2. Continuous Baseline Evolution

# Adaptive baseline adjustment
def update_baseline(user, new_activity):
    """Update user baseline with new normal activity"""
    baseline = load_user_baseline(user)

    # Exponential moving average for smooth updates
    alpha = 0.1  # Learning rate
    for metric, value in new_activity.items():
        if metric in baseline:
            baseline[metric] = (
                alpha * value + (1 - alpha) * baseline[metric]
            )
        else:
            baseline[metric] = value

    # Adjust for seasonal patterns
    baseline = apply_seasonal_adjustment(baseline, datetime.now())

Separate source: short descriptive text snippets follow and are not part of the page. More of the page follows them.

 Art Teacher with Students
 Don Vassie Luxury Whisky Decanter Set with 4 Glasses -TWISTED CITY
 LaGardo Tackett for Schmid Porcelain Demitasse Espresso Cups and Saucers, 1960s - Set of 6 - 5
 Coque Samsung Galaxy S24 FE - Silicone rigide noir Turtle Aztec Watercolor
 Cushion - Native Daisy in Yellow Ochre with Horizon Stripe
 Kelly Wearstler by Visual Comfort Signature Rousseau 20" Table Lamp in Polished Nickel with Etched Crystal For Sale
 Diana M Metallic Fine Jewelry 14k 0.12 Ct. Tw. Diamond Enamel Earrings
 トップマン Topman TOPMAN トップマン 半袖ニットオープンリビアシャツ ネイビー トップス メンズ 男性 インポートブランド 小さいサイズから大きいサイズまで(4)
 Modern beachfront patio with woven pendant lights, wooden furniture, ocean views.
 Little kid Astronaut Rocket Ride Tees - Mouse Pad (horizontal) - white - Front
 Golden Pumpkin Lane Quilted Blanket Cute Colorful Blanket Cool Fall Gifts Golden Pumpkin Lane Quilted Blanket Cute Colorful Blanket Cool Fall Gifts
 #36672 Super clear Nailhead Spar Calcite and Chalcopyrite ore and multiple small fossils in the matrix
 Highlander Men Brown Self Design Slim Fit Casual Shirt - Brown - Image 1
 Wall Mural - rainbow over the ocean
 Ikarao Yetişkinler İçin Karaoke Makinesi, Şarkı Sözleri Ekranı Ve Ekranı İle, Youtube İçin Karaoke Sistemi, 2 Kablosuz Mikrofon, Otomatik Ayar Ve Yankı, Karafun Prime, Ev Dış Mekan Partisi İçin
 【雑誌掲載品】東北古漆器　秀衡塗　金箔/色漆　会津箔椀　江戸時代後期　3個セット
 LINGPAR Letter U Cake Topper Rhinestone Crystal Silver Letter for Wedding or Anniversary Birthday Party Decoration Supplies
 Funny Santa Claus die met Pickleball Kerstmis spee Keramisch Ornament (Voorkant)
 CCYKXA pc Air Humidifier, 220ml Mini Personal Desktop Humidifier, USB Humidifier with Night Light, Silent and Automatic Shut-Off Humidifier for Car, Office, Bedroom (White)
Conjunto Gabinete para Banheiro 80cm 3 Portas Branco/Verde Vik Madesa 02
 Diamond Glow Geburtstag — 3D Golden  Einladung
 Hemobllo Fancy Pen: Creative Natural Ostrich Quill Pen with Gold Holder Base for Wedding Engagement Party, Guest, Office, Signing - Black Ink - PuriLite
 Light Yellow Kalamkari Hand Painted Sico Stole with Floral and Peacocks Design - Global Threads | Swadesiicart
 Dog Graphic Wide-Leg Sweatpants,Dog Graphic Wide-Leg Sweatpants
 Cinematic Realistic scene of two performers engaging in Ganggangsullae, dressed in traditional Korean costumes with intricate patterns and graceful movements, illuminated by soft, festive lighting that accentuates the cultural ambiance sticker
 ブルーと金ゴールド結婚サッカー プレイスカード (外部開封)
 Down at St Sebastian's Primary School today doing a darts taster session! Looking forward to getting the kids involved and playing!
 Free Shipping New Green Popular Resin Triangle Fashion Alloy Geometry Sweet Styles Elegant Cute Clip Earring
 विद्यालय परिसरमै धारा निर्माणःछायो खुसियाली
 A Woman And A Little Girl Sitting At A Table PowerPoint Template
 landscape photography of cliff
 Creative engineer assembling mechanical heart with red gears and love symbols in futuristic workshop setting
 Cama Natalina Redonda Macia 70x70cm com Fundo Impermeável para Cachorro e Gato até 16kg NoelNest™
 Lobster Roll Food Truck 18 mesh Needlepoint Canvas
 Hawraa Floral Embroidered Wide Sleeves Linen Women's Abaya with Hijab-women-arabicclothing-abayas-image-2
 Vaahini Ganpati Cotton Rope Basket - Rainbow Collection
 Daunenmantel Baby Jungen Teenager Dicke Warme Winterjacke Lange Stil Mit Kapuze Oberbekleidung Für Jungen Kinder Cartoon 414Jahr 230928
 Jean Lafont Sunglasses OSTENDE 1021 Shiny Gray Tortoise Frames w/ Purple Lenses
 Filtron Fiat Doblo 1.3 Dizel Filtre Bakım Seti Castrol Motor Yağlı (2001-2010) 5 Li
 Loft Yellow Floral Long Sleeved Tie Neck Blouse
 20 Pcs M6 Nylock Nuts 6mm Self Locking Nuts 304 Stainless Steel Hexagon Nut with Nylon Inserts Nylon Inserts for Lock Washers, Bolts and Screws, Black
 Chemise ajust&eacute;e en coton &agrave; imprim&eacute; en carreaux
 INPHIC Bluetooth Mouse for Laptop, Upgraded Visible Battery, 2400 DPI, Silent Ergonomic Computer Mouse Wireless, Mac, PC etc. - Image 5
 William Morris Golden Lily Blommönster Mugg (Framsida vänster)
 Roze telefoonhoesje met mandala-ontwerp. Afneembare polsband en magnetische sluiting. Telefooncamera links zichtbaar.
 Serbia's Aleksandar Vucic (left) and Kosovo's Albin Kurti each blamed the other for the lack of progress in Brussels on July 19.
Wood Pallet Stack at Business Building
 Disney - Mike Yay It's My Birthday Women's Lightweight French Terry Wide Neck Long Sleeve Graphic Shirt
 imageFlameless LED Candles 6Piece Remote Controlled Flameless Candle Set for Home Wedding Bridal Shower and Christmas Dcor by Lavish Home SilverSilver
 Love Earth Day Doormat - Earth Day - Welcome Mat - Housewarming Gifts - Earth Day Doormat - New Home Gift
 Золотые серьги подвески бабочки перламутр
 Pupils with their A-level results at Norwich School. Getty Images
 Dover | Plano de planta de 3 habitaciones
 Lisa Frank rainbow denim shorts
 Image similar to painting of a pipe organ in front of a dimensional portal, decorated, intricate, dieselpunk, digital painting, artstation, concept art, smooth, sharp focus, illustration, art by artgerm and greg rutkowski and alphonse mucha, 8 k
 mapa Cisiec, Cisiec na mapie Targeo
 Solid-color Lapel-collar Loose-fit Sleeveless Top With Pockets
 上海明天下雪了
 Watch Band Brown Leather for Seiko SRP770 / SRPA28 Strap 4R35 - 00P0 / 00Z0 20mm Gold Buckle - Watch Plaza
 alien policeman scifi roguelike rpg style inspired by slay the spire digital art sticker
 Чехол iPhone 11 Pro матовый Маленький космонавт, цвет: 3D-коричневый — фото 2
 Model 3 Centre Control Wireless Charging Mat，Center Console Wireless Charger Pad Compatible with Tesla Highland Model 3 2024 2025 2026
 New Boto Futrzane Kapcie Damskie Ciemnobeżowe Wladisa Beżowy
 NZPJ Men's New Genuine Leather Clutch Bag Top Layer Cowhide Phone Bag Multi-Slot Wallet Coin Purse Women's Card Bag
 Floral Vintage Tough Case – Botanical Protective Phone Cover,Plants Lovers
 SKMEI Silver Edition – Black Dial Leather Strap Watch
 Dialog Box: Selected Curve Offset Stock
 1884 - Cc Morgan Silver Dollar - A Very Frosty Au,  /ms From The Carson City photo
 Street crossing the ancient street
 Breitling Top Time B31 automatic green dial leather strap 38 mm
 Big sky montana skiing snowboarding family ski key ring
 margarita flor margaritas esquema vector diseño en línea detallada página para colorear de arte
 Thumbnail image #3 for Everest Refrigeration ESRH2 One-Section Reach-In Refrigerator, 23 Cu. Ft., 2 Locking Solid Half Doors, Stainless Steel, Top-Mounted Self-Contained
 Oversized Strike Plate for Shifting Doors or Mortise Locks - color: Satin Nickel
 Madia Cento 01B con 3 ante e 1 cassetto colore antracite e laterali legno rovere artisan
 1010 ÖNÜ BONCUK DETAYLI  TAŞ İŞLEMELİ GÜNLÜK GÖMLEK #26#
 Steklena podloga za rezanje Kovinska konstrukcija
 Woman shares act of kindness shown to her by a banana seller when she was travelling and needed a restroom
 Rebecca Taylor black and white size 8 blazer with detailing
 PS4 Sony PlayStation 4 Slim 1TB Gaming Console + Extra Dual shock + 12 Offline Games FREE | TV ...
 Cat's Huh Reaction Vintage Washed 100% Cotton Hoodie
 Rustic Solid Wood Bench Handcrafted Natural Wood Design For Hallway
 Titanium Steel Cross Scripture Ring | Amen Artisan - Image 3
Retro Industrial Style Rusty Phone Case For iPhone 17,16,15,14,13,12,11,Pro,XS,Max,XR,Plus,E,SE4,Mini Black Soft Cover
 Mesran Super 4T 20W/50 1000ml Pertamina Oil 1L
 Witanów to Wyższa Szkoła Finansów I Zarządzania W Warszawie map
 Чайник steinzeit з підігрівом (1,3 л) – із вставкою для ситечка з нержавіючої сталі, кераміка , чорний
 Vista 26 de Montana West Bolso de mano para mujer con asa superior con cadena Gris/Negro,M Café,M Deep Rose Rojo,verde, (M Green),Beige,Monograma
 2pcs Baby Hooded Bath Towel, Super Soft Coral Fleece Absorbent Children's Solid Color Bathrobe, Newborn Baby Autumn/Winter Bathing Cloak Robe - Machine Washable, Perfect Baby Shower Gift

    save_user_baseline(user, baseline)
    return baseline

Conclusion

Insider threat detection requires a delicate balance between security and privacy, combining behavioral analytics with contextual understanding. Wazuh’s flexible rule engine, combined with machine learning enhancements and careful baseline management, provides a powerful framework for identifying malicious insiders while minimizing false positives. The key to success lies in continuous refinement, stakeholder buy-in, and a graduated response approach that protects both the organization and its employees.

Next Steps

  1. Implement baseline collection rules for 30-day profile building
  2. Deploy anomaly detection rules with conservative thresholds
  3. Integrate with HR systems for contextual enrichment
  4. Establish investigation procedures and privacy controls
  5. Monitor and tune detection accuracy

Remember: The goal is not to catch employees doing wrong, but to protect the organization while maintaining a culture of trust. Use these capabilities responsibly and transparently.